Alors que la quête du bonheur est une norme, peut-on l’ignorer sans être marginalisé ?
C’est une bonne question. Si quelqu’un travaille dans un milieu où la coopération et le réseau importent, donner libre expression à la dépression ou à la colère permanente, c’est courir le risque d’être marginalisé. Il y a des exceptions avec des groupes sociaux comme les artistes, par exemple. Mais dans un monde en réseau où on dépend de beaucoup d’autres gens pour travailler, la positivité devient essentielle et incontournable.
Comment est-on passés de l’altruisme exigé par les religions à l’individualisme banalisé par la psychologie positive ?
C’est toute l’histoire de la modernité. Le basculement se fait surtout après les années 1960. Le collectif s’effondre, mais il le fait aussi pour de bonnes raisons. Il y a un sentiment de conformisme face à la collectivité, parfois basé sur l’oppression et le contrôle des mœurs. Beaucoup de groupes contestaient les normes dominantes.
Il y a eu une fragmentation de ce tissu normatif et une remise en question de l’idée même selon laquelle l’individu doit se dédier au collectif, puisque le collectif est devenu social et donc suspect. Dans les années 1970, si on est une femme ou un homosexuel, on peut tout à fait comprendre l’envie de se replier sur soi-même. La consommation change, on passe de la production et consommation de masse à l’individualisation des modes de vie et des choix. Le marché a permis une offre de plus en plus diversifiée et créé une multitude de goûts différents. A partir des années 1970, on affirme son moi par ses goûts, qu’ils soient musicaux, vestimentaires, culinaires… La consommation a contribué à l’élaboration et au raffinement progressif des goûts d’individus puis à l’individualisation des parcours de vie.
Quel peut être le prochain basculement ?
Je ne suis pas très bonne pour les prédictions. Mais je pense que ce qu’on a aujourd’hui, c’est à la fois un individualisme atomisé et des formes éphémères de collectivité comme, par exemple, des communautés qui se retrouvent sur internet à partir de problèmes communs (à l’instar des femmes divorcées, des femmes battues, des virilistes…). Ce sont des communautés plus éphémères mais basées sur une souffrance commune et non plus sur des traditions. La communauté est recréée à partir de l’expérience ou de problématiques communs.

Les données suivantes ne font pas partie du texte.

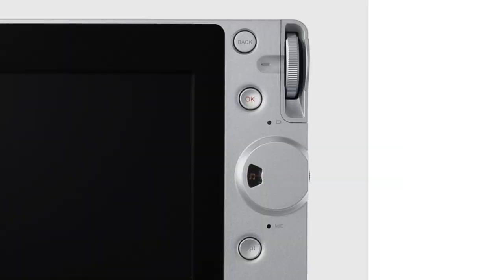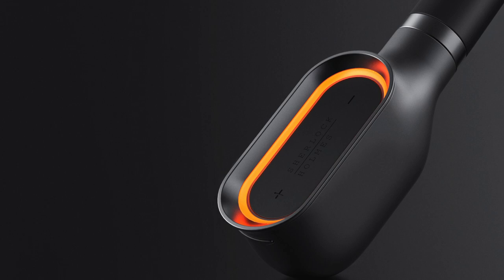Welcome back to The Product Designer. It is Jimmy and today we're going to be doing a design study on buttons.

Peut-on opposer l’éthique du care à la philosophie du “développement personnel” ?
Non. Je ne crois pas qu’il y ait une opposition nette. L’éthique du care met l’accent sur les émotions qui sous-tendent le moi et les relations ; la psychologie positive en appelle à l’altruisme. Mais c’est toujours dans une épistémologie individuelle, individualiste et hédoniste (maximiser le plaisir). Ce qui est opposé à la psychologie positive, c’est une vision politique du lien social.
Dans vos précédents ouvrages, vous aviez déjà montré que la sexualité pouvait être contraignante parce qu’elle est devenue une norme et une source de valeur de notre époque. D’où vient cette volonté de combattre les nouveaux systèmes oppressifs ?
Elle vient de mon expérience sociale de femme, du sentiment qu’il y a de la domination dans les relations amoureuses, que le désir est étroitement imbriqué au pouvoir ou à la soumission de l’autre.
Propos recueillis par David Doucet
Eva Illouz, Edgar Cabanas, Happycratie – Comment l’industrie du bonheur a pris le contrôle de nos vies, édition Premier Parallèle, 2018, traduit de l’anglais par Frédéric Joly, 260 p., 21 €.